START Supplied material
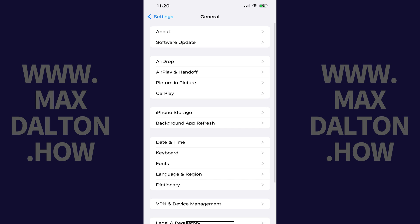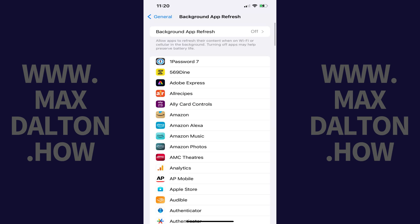Step 3: Tap Background App Refresh in this menu. The Background App Refresh options are shown.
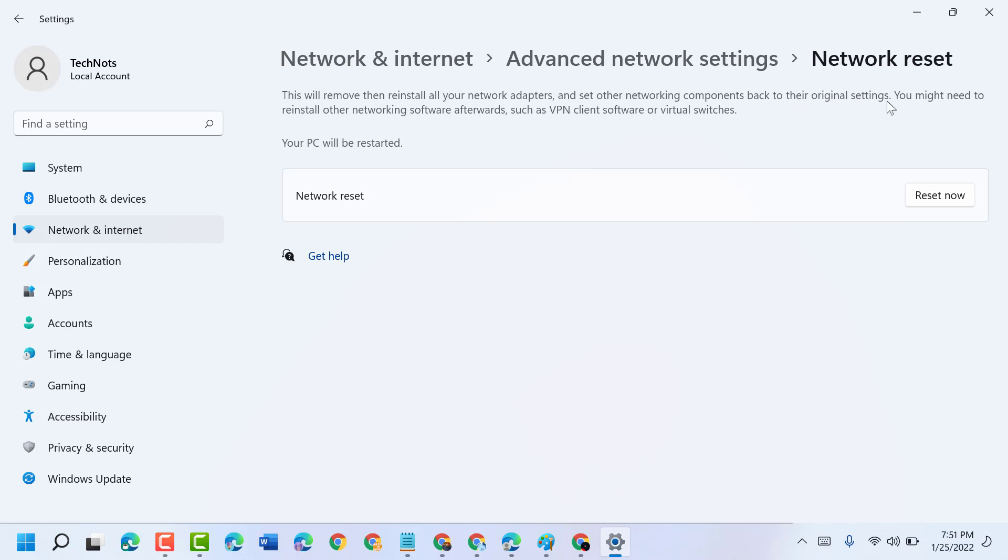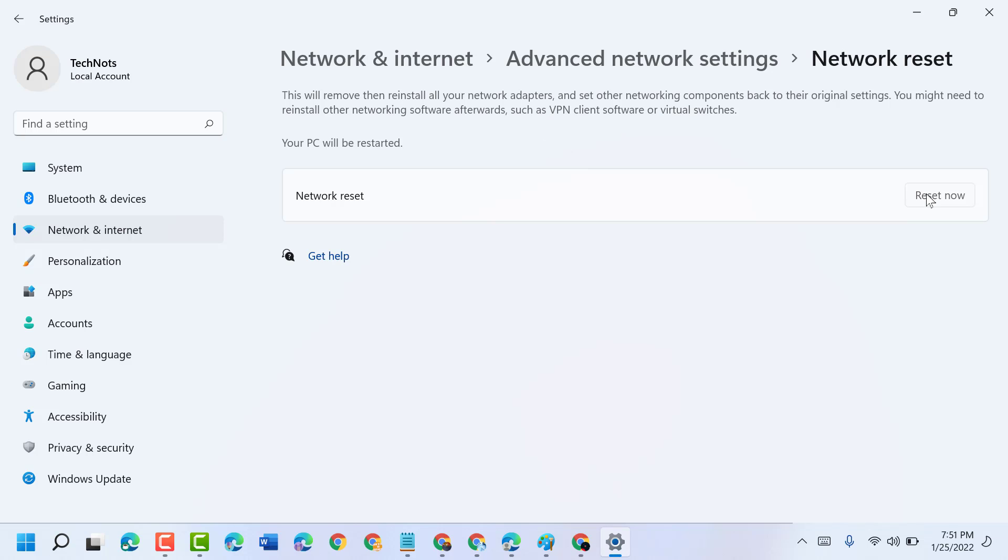You might need to reinstall other networking software afterwards, such as VPN client software or virtual switches. So if you're sure, click on Reset Now.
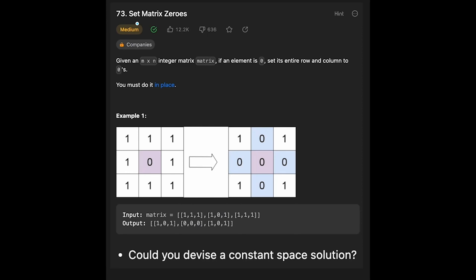Hey everyone, today we are going to solve the LeetCode question Set Matrix Zeros. This is one of the Blind 75 questions. You are given an n by n integer matrix. If an element is zero, set its entire row and column to zeros. You must do it in place.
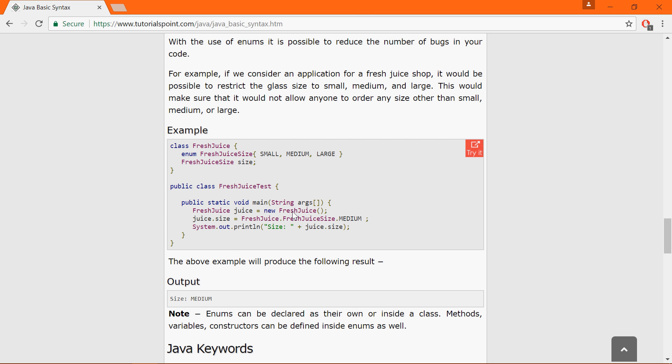So here we have a Java program. Now you may not know any of these things that are inside but that's okay we can still get it to run. So once you get it to run you can change things and learn from it.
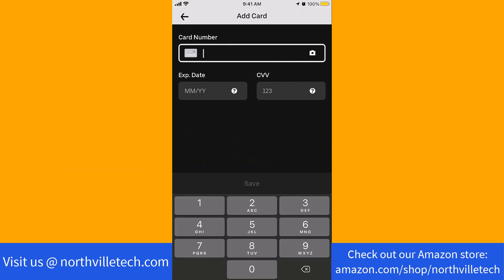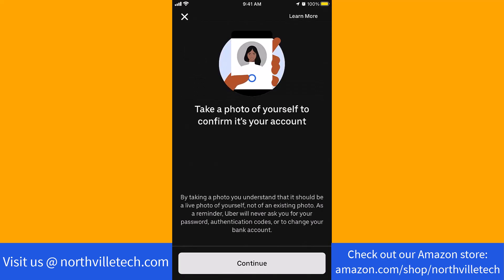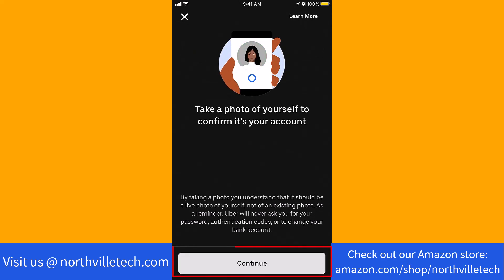Now, enter your card information such as the card number, expiration date, and CVV or card verification value. To confirm that it is your account, you need to take a live photo of yourself. To proceed, click on continue.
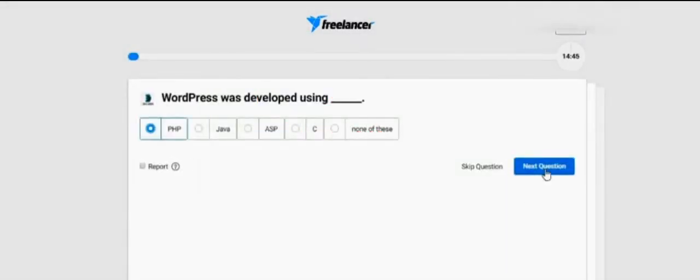As you see, WordPress was developed using — this is a very simple answer — PHP.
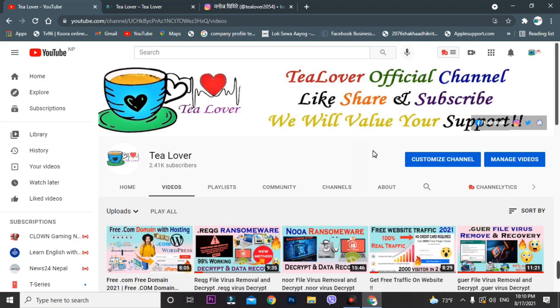Hello guys, welcome back to the channel Tea Lover. If you are new to the channel, please subscribe and get our latest updates.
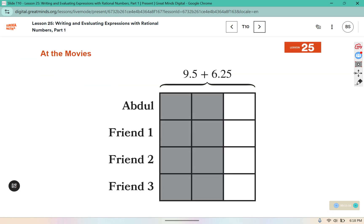You can see that the per-person total appeared four times for Abdul and his three friends, but they only had to pay two-thirds because they got to remove the one-third using their coupon.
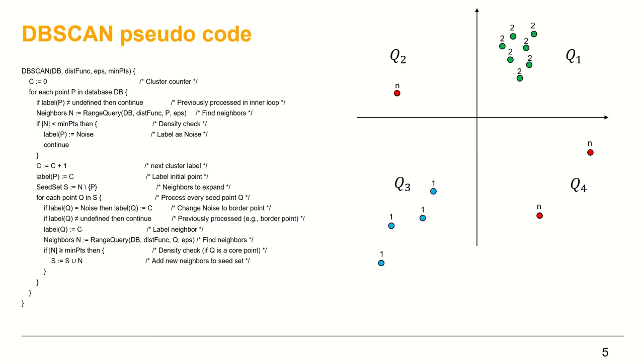The points in green in the first quarter Q1 belong to cluster number two. The points in blue in the third quarter Q3 belong to cluster number one. The points in red in the second and fourth quarters Q2 and Q4 are noise. And now we can go ahead and call the DBSCAN algorithm testing code.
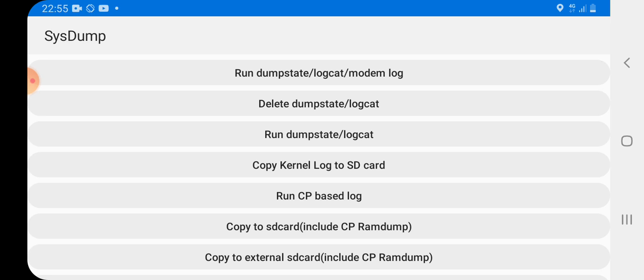And as you may see, it's going to be released automatically, dumpstate, logcat.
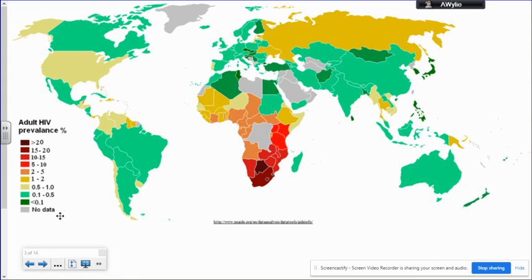We look at the spread of a variety of diseases across the world, why certain diseases are more common in some parts of the world than others, and what we can do to solve a variety of different diseases. Those two topics make up the global issues unit.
END Supplied material
- [Instructions to follow]:
Leave out every picture and copy, exactly as written, the lines from the one with "Hey everyone, today" through the end of the records above.

- [Your solution]:
Hey everyone, today we are going to solve the LeetCode question Set Matrix Zeros. This is one of the Blind 75 questions. You are given an n by n integer matrix. If an element is zero, set its entire row and column to zeros. You must do it in place.
So here we have a Java program. Now you may not know any of these things that are inside but that's okay we can still get it to run. So once you get it to run you can change things and learn from it.
Now, enter your card information such as the card number, expiration date, and CVV or card verification value. To confirm that it is your account, you need to take a live photo of yourself. To proceed, click on continue.
As you see, WordPress was developed using — this is a very simple answer — PHP.
Hello guys, welcome back to the channel Tea Lover. If you are new to the channel, please subscribe and get our latest updates.
You can see that the per-person total appeared four times for Abdul and his three friends, but they only had to pay two-thirds because they got to remove the one-third using their coupon.
The points in green in the first quarter Q1 belong to cluster number two. The points in blue in the third quarter Q3 belong to cluster number one. The points in red in the second and fourth quarters Q2 and Q4 are noise. And now we can go ahead and call the DBSCAN algorithm testing code.
And as you may see, it's going to be released automatically, dumpstate, logcat.
We look at the spread of a variety of diseases across the world, why certain diseases are more common in some parts of the world than others, and what we can do to solve a variety of different diseases. Those two topics make up the global issues unit.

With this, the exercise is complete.